* **Your goal**: Transcribe exactly the lines from the one containing "old ruster metal table in desert photo" through the end of the data, both included. Leave out pictures.

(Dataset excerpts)
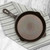 The Lancaster No. 6 cast iron skillet on a kitchen towel on a marble counter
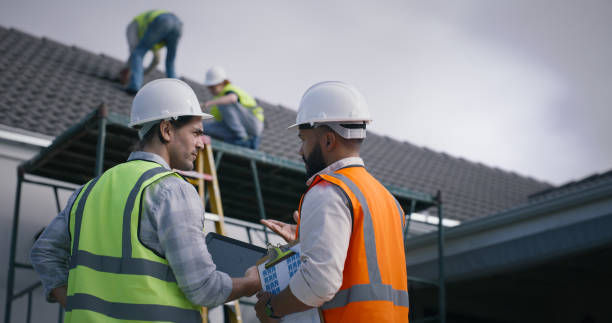 Roof inspection in Staten Island, NY — two men in hard hats and vests standing on a roof discussing construction plans.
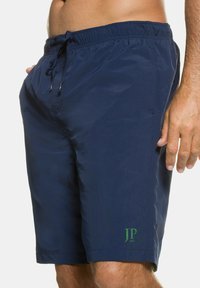 Marinefarbene Badeshorts mit elastischem Bund, verstellbarem Kordelzug und einem kleinen grünen Logo am unteren linken Bein. Glatte Textur, ohne Taschen.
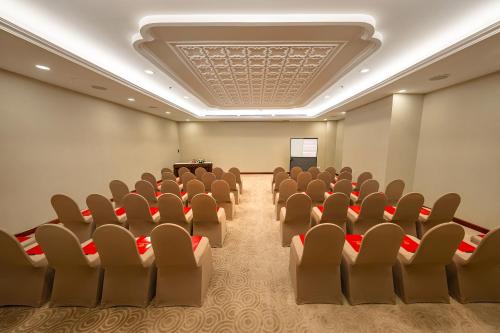 a conference room with chairs and a screen in it at Saigon Prince Hotel in Ho Chi Minh City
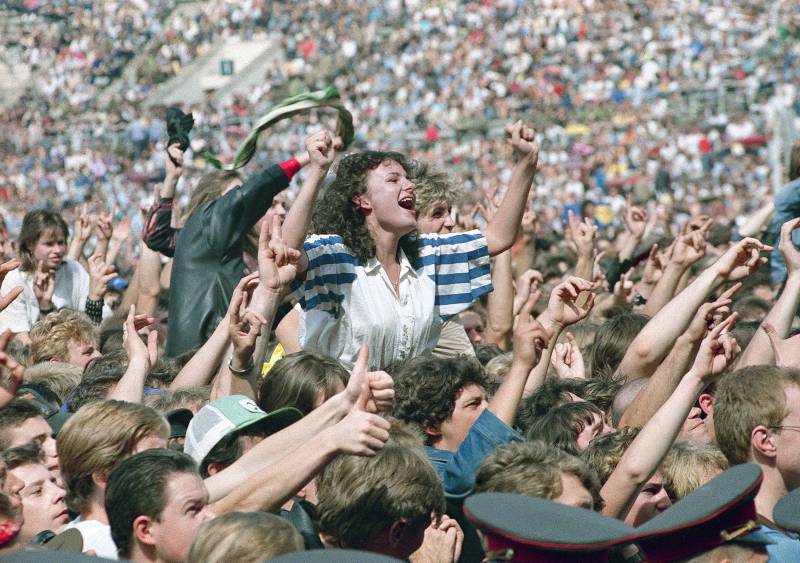 An enthusiastic crowd sings along at a stadium concert, including one young woman on someone's shoulders, arms raised in joy.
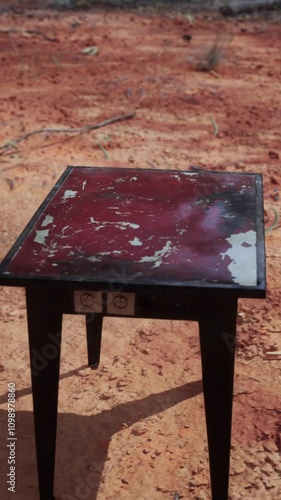 old ruster metal table in desert photo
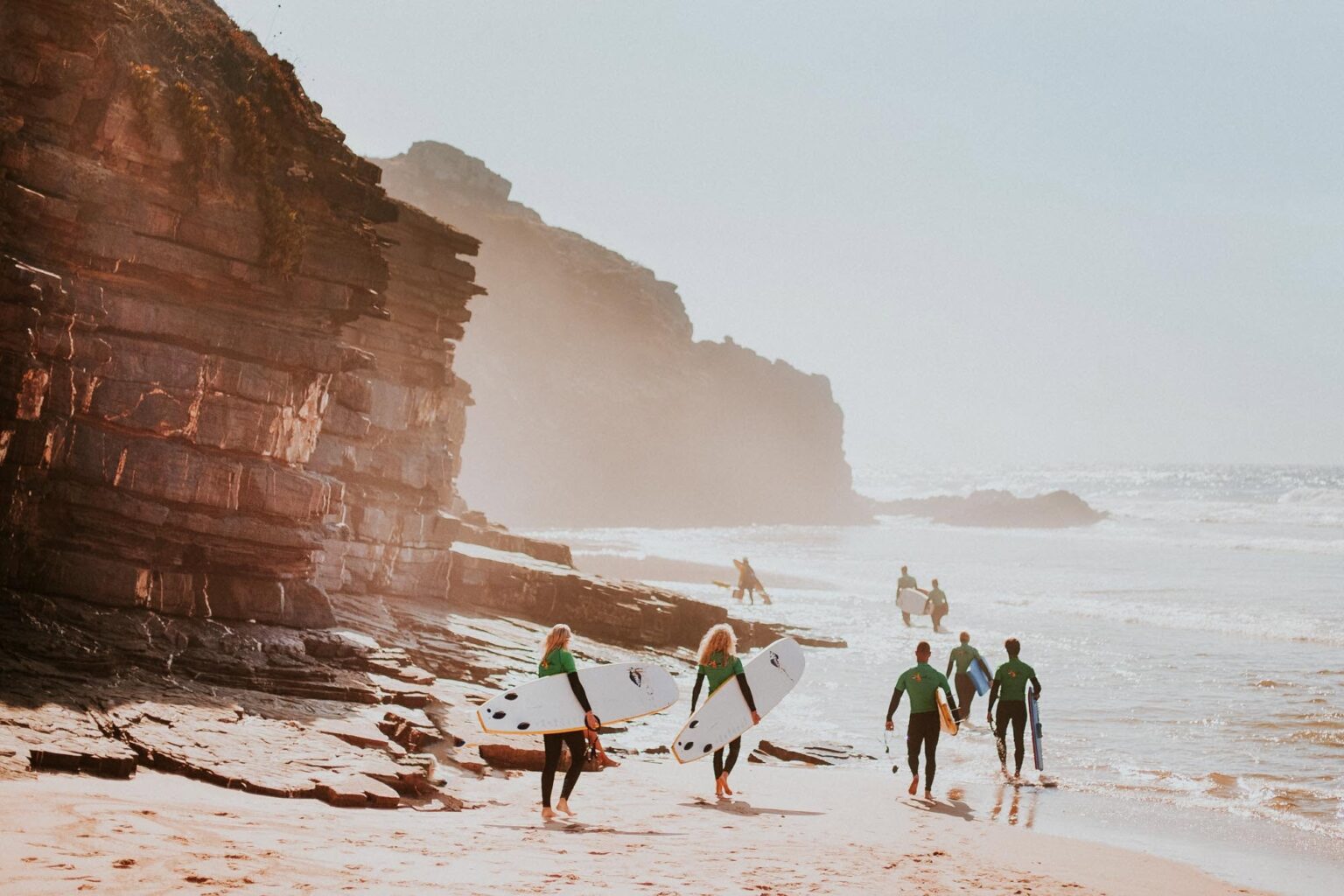 Odeceixe Surf School walking along the coast and preparing themselves for a fun surf session.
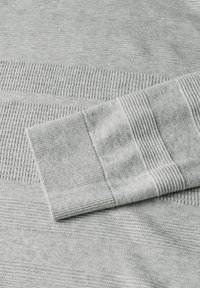 Pull en tricot gris clair avec des rayures texturées variées ; il présente des poignets côtelés et un tissu doux et lisse. Design minimaliste.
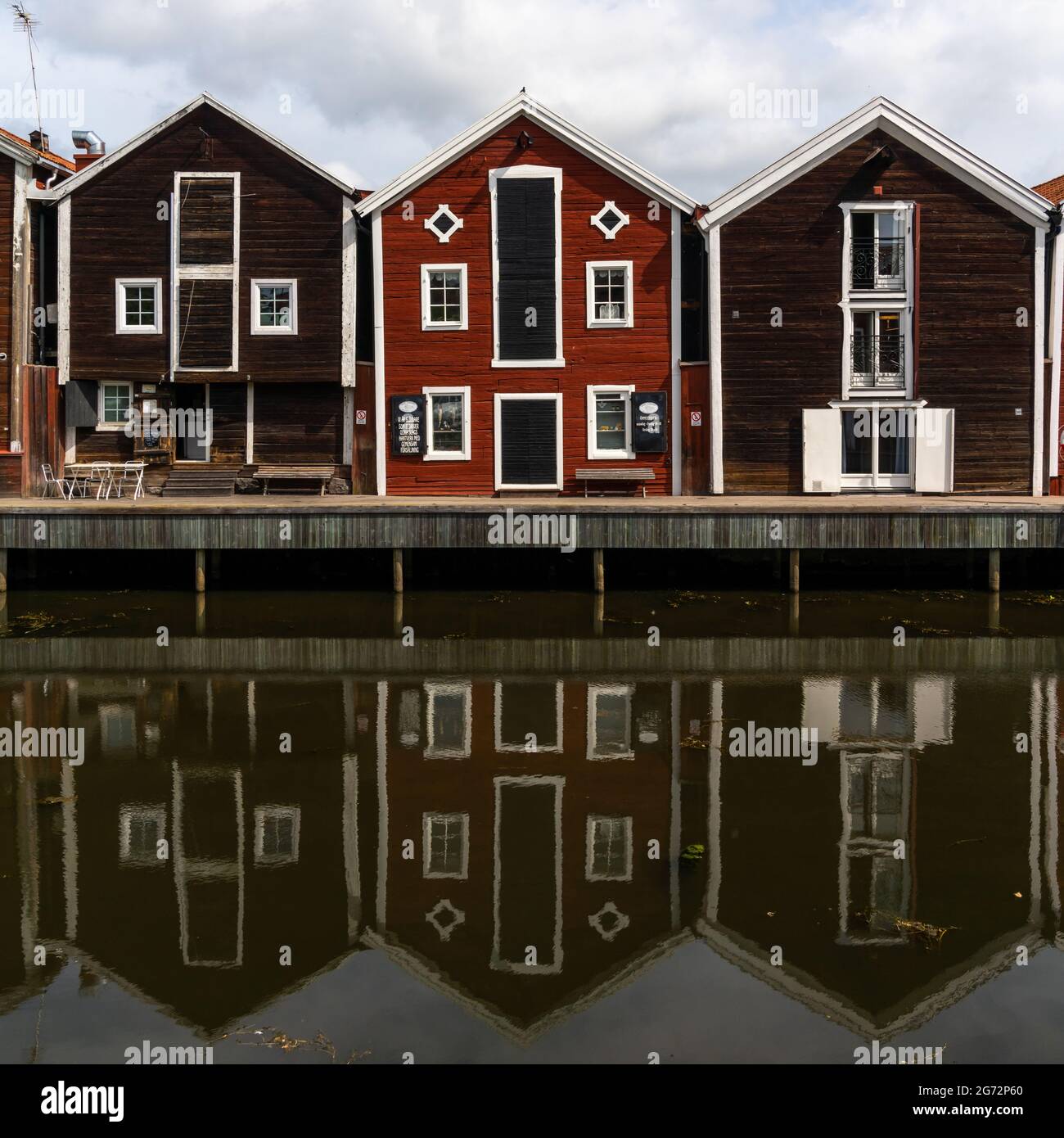Hudiksvall, Sweden - 7 July, 2021: red and brown wooden warehouses along the waterfront in Hudiksvall Stock Photo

* **Task output**:
 old ruster metal table in desert photo
 Odeceixe Surf School walking along the coast and preparing themselves for a fun surf session.
 Pull en tricot gris clair avec des rayures texturées variées ; il présente des poignets côtelés et un tissu doux et lisse. Design minimaliste.
Hudiksvall, Sweden - 7 July, 2021: red and brown wooden warehouses along the waterfront in Hudiksvall Stock Photo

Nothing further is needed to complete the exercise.